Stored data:
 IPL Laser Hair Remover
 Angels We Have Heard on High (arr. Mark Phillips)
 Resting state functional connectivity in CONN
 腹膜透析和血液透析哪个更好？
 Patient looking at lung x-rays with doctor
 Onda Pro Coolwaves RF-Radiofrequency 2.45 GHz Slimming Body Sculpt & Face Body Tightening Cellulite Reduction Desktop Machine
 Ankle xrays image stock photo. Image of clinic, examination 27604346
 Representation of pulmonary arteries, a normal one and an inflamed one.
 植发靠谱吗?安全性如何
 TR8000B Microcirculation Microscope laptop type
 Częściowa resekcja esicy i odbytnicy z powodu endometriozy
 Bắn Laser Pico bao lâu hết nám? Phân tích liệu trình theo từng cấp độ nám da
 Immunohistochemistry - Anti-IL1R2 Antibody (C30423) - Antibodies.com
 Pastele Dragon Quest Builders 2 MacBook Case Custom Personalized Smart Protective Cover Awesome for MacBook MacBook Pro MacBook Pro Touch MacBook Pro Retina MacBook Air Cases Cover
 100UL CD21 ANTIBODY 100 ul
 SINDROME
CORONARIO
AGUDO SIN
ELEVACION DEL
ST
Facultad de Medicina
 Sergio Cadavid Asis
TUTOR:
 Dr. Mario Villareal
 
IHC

Your instructions
Search the entries above for "Laser". Show every line that has it.

Task response
 IPL Laser Hair Remover
 Bắn Laser Pico bao lâu hết nám? Phân tích liệu trình theo từng cấp độ nám da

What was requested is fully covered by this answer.